O elevado incumprimento no crédito ao consumo é explicado pela facilidade com que os consumidores conseguem pedir novos créditos, muitas vezes para pagar outros já vencidos. Estas situações de sobreendividamento podiam ser travadas pelas instituições de crédito, que através da consulta da Central de Responsabilidades de Crédito conseguem ter acesso ao histórico de crédito de cada cliente, bem como ao nível de sinistralidade (falhas de pagamento) já verificado.

Mas tirando a situação em que, mesmo depois de avançar para os tribunais ou de recorrer a empresas de cobranças, não conseguem receber o dinheiro emprestado, as instituições financeiras não sofrem qualquer penalização.

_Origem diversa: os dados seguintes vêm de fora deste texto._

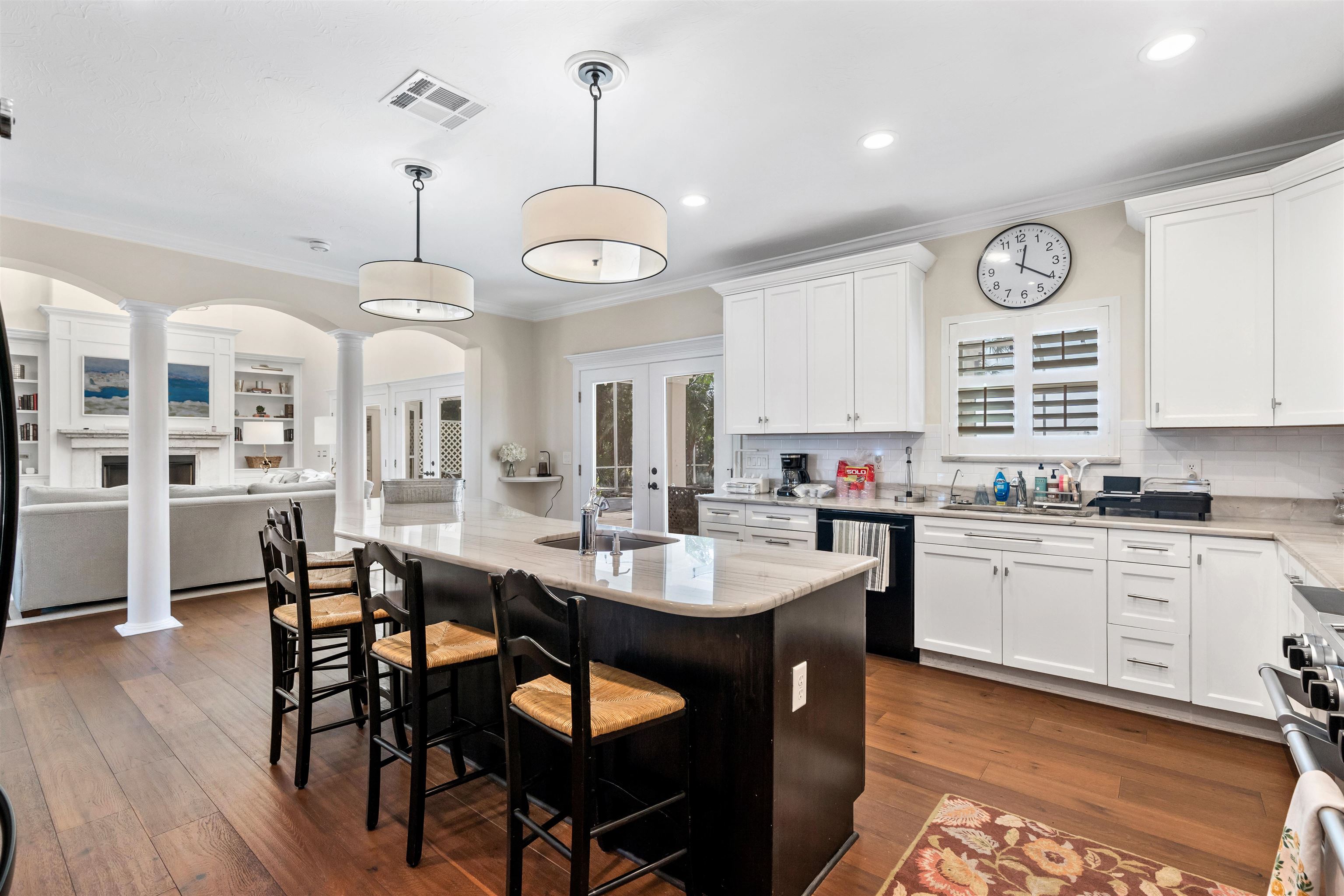 207 Marshside Drive St. Augustine, FL 32080 - Photo 86 of 87 Kitchen with ornate columns, french doors, a kitchen bar, hanging light fixtures, and open floor plan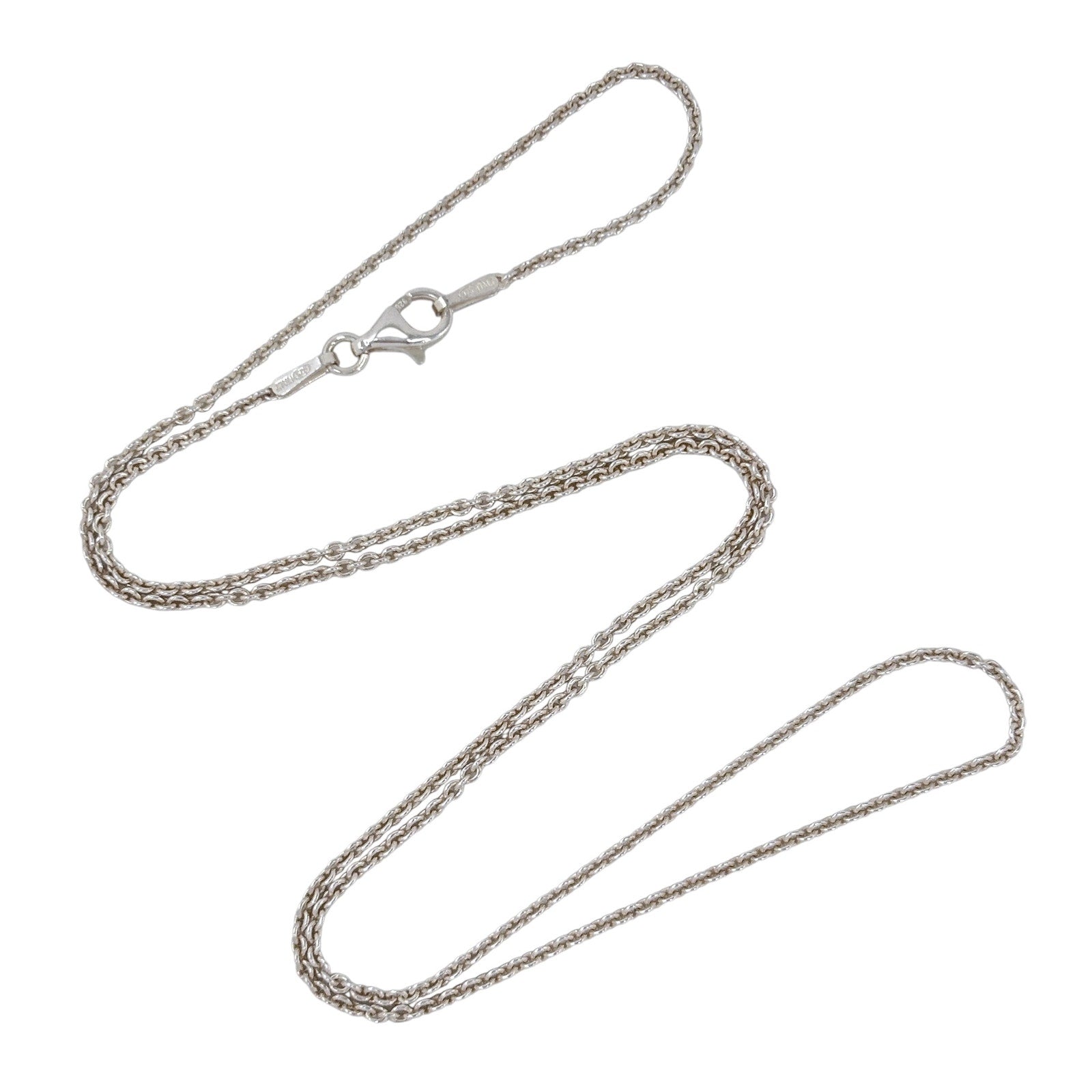 Silver chain necklace on a white background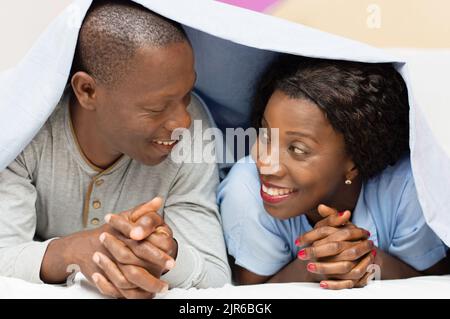 A young couple lying under the cover looks and smiling Stock Photo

Não são obrigados a perdoar parte ou a totalidade da dívida que, com a informação disponível, já não poderiam ter concedido. Ao Gabinete de Apoio ao Sobreendividado (GAS) da associação de consumidores Deco chegou, em 2016, um total de 29.530 pedidos de ajuda, sendo que, em média, as famílias apresentam mais de cinco empréstimos, em incumprimento ou em reestruturação. O recurso a novos cartões de crédito para pagar outros créditos em dívida é fácil e recorrente por parte de famílias já em descontrolo financeiro.

A Comissão Europeia pretende responsabilizar os bancos pelo excesso de crédito concedido, obrigando-os a avaliar a capacidade dos clientes para cumprir os créditos. Essa medida faz parte da directiva 2014/17/EU, que Portugal já deveria ter transposto para o direito nacional no ano passado. A directiva, que visa prevenir “o endividamento insustentável”, deveria ter sido transposta até Março de 2016.

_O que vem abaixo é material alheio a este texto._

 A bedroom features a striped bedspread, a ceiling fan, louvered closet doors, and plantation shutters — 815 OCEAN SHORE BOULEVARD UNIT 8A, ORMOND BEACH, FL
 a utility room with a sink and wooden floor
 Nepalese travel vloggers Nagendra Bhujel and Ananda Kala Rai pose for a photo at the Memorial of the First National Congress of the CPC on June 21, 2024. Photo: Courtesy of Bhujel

A regulamentação bancária nacional já incorpora alguns das normas da directiva, mas não todas, como a da avaliação da solvabilidade dos clientes ou a introdução de regras mais apertadas ao nível da competência técnica e à remuneração dos colaboradores das entidades financeiras a trabalhar na área da concessão de crédito.

Não menos importante é a regulação da actividade de intermediário de crédito, que não acontece actualmente. E com muita frequência, as famílias endividadas recorrem a empresas que se dizem especialistas em reestruturações de crédito, que prestam mais serviço, ou simplesmente cobram comissões elevadas à cabeça e depois nada fazem porque os contratos de crédito já estão em execução (nos tribunais) e não é possível fazer nada.

Dos quase 30 mil pedidos chegados à Deco no ano passado, apenas cerca de 2700 puderam ter um acompanhamento atempado, de forma a evitar a entrada em processo de execução.

Para prevenir situações de sobreendividamento foi criado o Plano de Acção para o Risco de Incumprimento (PARI), que entrou em vigor também em 2013, e que estabelece que  “as instituições de crédito devem proceder com diligência e lealdade, adoptando as medidas adequadas à prevenção do incumprimento de contratos de crédito e, nos casos em que se registe o incumprimento das obrigações decorrentes desses contratos, envidando os esforços necessários para a regularização das situações de incumprimento em causa”.

Entre outras obrigações, os bancos tinham que “implementar sistemas informáticos que possibilitem a identificação oportuna da ocorrência de factos que indiciem a degradação da capacidade financeira do cliente bancário para cumprir, emitindo os correspondentes alertas”. Ao contrário do Procedimento Extrajudicial de Regularização de Situações de Incumprimento (PERSI), em que há comunicação ao Banco de Portugal, no PARI não foi estabelecida qualquer exigência de prestação de informação sobre o seu cumprimento.